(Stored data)
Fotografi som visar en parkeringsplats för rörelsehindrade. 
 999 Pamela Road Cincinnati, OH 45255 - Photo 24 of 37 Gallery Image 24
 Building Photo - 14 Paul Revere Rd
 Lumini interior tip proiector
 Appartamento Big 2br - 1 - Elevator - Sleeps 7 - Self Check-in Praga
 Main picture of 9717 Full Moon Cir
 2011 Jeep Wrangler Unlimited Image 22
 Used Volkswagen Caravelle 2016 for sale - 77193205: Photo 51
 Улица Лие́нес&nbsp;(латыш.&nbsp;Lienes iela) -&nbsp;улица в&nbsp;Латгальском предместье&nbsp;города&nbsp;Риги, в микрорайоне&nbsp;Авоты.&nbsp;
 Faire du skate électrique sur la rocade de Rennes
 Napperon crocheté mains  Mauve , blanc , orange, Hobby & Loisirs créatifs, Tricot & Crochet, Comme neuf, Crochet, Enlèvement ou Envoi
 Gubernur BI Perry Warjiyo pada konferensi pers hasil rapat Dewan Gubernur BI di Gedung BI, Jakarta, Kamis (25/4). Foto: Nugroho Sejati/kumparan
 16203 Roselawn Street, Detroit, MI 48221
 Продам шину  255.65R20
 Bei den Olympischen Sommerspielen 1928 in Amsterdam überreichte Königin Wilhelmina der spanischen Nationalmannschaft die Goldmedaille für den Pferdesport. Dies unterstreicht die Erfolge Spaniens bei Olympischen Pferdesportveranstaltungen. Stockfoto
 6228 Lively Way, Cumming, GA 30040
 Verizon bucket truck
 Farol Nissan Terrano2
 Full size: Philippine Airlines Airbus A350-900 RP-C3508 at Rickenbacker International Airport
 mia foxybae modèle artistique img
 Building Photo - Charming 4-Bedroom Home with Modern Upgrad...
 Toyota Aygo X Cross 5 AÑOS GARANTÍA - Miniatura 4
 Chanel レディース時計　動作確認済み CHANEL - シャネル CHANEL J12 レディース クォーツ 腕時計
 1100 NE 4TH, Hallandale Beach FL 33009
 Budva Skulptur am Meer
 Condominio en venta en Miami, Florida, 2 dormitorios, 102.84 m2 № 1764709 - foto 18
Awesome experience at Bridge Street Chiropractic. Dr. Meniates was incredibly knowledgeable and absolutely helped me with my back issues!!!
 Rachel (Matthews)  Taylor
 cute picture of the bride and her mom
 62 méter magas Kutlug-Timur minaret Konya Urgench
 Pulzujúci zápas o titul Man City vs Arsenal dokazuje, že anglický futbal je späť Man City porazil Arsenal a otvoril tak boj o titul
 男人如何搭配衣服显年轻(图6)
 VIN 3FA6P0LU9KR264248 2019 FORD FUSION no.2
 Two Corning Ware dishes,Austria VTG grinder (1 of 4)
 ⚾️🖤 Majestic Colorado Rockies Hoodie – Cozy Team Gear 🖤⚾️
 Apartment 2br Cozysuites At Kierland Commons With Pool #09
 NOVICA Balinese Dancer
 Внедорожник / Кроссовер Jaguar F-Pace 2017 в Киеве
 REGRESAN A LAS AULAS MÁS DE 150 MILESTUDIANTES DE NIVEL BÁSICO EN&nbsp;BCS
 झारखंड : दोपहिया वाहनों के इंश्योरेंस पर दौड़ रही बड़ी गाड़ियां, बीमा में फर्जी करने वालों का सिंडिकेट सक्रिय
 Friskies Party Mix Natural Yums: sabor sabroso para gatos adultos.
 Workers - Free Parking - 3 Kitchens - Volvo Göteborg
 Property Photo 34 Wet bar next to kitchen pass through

_Action item_
Using the records above, output exactly the lines from the one containing "NOVICA Balinese Dancer" through the last line, and no others.

_Answer for this exercise_
 NOVICA Balinese Dancer
 Внедорожник / Кроссовер Jaguar F-Pace 2017 в Киеве
 REGRESAN A LAS AULAS MÁS DE 150 MILESTUDIANTES DE NIVEL BÁSICO EN&nbsp;BCS
 झारखंड : दोपहिया वाहनों के इंश्योरेंस पर दौड़ रही बड़ी गाड़ियां, बीमा में फर्जी करने वालों का सिंडिकेट सक्रिय
 Friskies Party Mix Natural Yums: sabor sabroso para gatos adultos.
 Workers - Free Parking - 3 Kitchens - Volvo Göteborg
 Property Photo 34 Wet bar next to kitchen pass through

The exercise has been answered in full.